Per non dire della romantica capacità di visualizzare i fantasmi dei cowboys defunti cavalcanti nei pascoli del cielo, che Martina ricavò da un celebre brano musicale country composto da Stan Jones nel 1948, rendendoli forieri di presagi e molto meno truci. Unendosi a loro, in una memorabile cavalcata celeste, Pecos Bill cesserà la sua breve esistenza fumettistica originale (quella apocrifa durerà ancora per molti lustri) nel 165° albo intitolato appunto La strada del cielo.
Per gli Albi d’Oro, nel 1952, Martina creò il personaggio Oklahoma, disegnato ancora da De Vita, Paparella e Gamba, con l’aggiunta di Giorgio De Gaspari.
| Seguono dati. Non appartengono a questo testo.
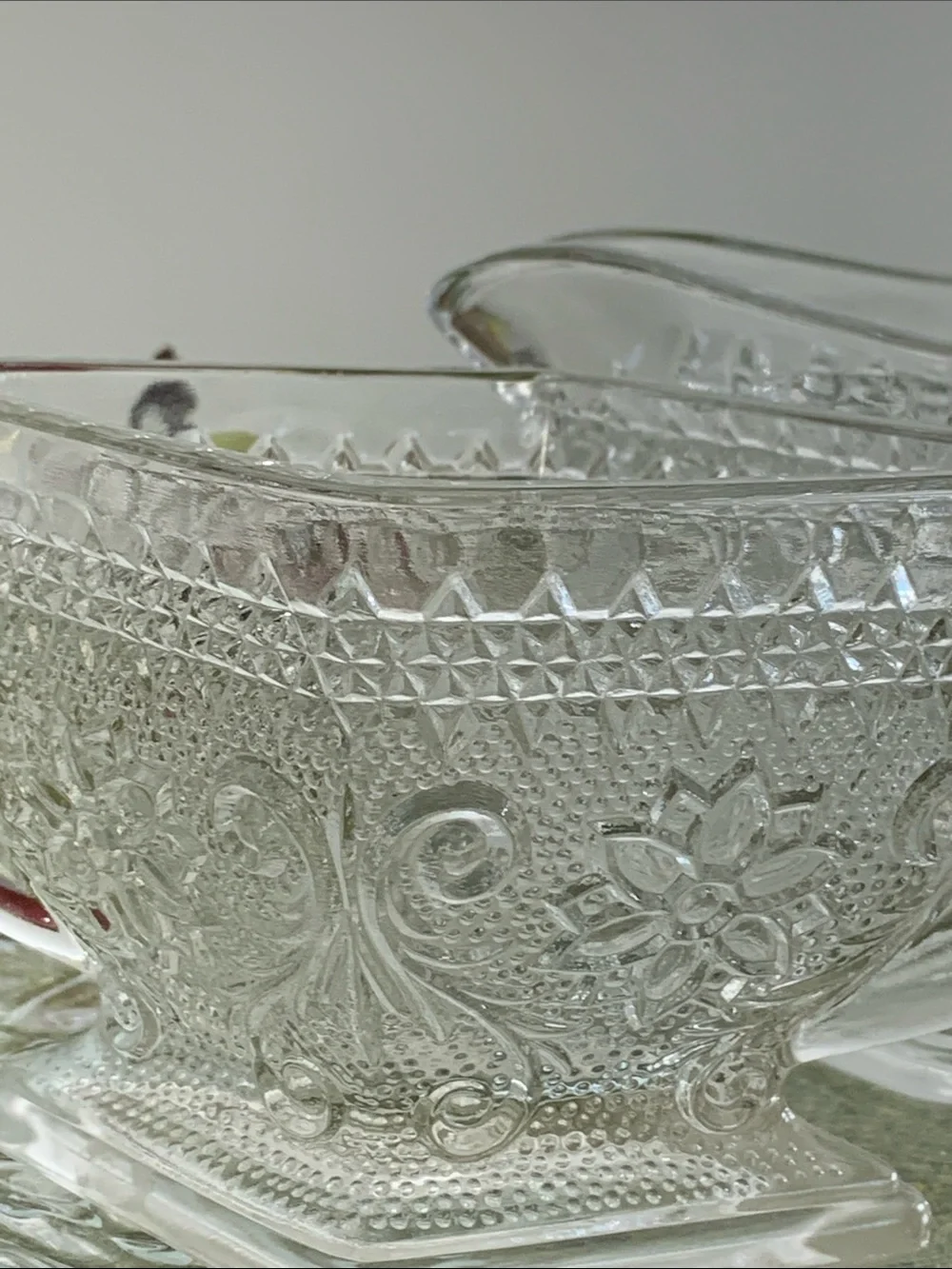 Indiana Glass Sandwich pattern - Diamond Shape Sugar&Creamer w/Sugar Shell Spoon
Il giovanissimo indio protagonista è affiancato da una splendida Belle Starr, altro personaggio storico che come Calamity Jane viene idealizzato e reso affascinante, nell’ambito della guerra di secessione americana dalla parte dei sudisti. Accolto con poco favore, il pur riuscito personaggio è comparso soltanto in 31 episodi.
Martina è mancato a Roma il 16 maggio 1991 e tre anni dopo il Comune di Carmagnola lo ha ricordato con una grandiosa mostra, il cui catalogo è stato curato da Gianni Milone ed Erik Balzaretti, e una medaglia commemorativa.